26 Extra work 6: Simple regression model
- 26.0.1 Interpretation of the regression model
27 Extra work 7: Film-level interpretation table
28 Main findings
29 Conclusion
30 Requirement checklist

1 Project overview

This project uses the Pixar Films dataset from the TidyTuesday project for the week of 11 March 2025. The analysis combines two publicly available datasets:

pixar_films.csv: general information about Pixar films, including release order, title, release date, runtime, and film rating.
public_response.csv: public and critical response measures, including Rotten Tomatoes, Metacritic, CinemaScore, and Critics Choice scores.
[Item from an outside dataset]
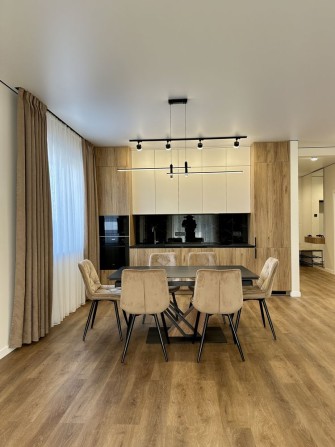 Шикарний будинок з новим ремонтом, меблями та технікою. Буча. - фото 1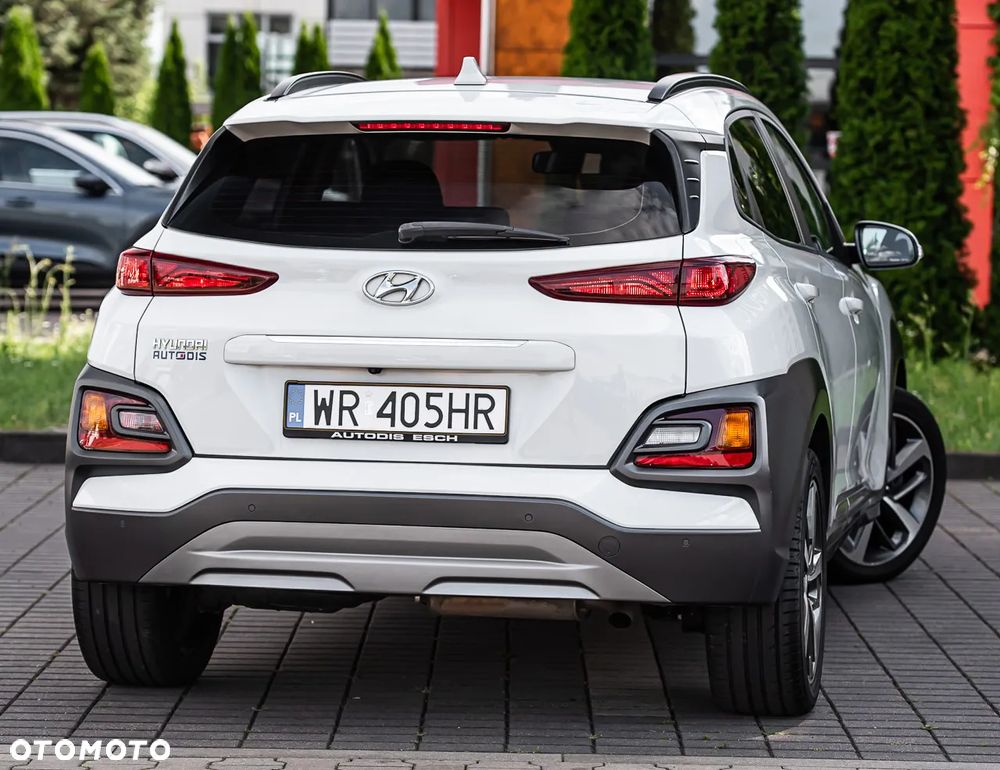 Hyundai Kona - 11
The main goal is to understand how Pixar films differ across time, rating categories, runtime, and public/critical reception. The project does not try to prove causality. Instead, it uses descriptive analysis, data transformation, and visualizations to identify patterns.

2 Research questions

The analysis is guided by the following questions:

How has Pixar’s film output changed over time?
Are longer Pixar films rated better, worse, or similarly to shorter films?
Do audience-oriented and critic-oriented rating measures tell the same story?
Which films perform strongest across multiple rating systems?
Are some film rating categories associated with different runtime or score patterns?
Which films have the largest gap between Rotten Tomatoes and Metacritic scores?

3 Required packages

library(data.table)
library(ggplot2)
library(readr)
library(dplyr)
library(tidyr)
library(stringr)
library(forcats)
library(RColorBrewer)
library(scales)
library(knitr)

4 Loading the TidyTuesday data

The data is read directly from the official TidyTuesday GitHub repository.

pixar_films <- read_csv(
  "https://raw.githubusercontent.com/rfordatascience/tidytuesday/main/data/2025/2025-03-11/pixar_films.csv"
)

public_response <- read_csv(
  "https://raw.githubusercontent.com/rfordatascience/tidytuesday/main/data/2025/2025-03-11/public_response.csv"
)

head(pixar_films)

head(public_response)

5 Data structure

str(pixar_films)

## spc_tbl_ [27 × 5] (S3: spec_tbl_df/tbl_df/tbl/data.frame)
##  $ number      : num [1:27] 1 2 3 4 5 6 7 8 9 10 ...
##  $ film        : chr [1:27] "Toy Story" "A Bug's Life" "Toy Story 2" "Monsters, Inc." ...
##  $ release_date: Date[1:27], format: "1995-11-22" "1998-11-25" ...
##  $ run_time    : num [1:27] 81 95 92 92 100 115 117 111 98 96 ...
##  $ film_rating : chr [1:27] "G" "G" "G" "G" ...
##  - attr(*, "spec")=
##   .. cols(
##   ..   number = col_double(),
##   ..   film = col_character(),
##   ..   release_date = col_date(format = ""),
##   ..   run_time = col_double(),
##   ..   film_rating = col_character()
##   .. )
##  - attr(*, "problems")=<externalptr>

str(public_response)

## spc_tbl_ [24 × 5] (S3: spec_tbl_df/tbl_df/tbl/data.frame)
##  $ film           : chr [1:24] "Toy Story" "A Bug's Life" "Toy Story 2" "Monsters, Inc." ...
##  $ rotten_tomatoes: num [1:24] 100 92 100 96 99 97 74 96 95 98 ...
##  $ metacritic     : num [1:24] 95 77 88 79 90 90 73 96 95 88 ...
##  $ cinema_score   : chr [1:24] "A" "A" "A+" "A+" ...
##  $ critics_choice : num [1:24] NA NA 100 92 97 88 89 91 90 95 ...
##  - attr(*, "spec")=
##   .. cols(
##   ..   film = col_character(),
##   ..   rotten_tomatoes = col_double(),
##   ..   metacritic = col_double(),
##   ..   cinema_score = col_character(),
##   ..   critics_choice = col_double()
##   .. )
##  - attr(*, "problems")=<externalptr>

The first dataset contains the film-level information, while the second dataset contains public and critic response variables. The shared variable is film, which makes it possible to merge the two datasets.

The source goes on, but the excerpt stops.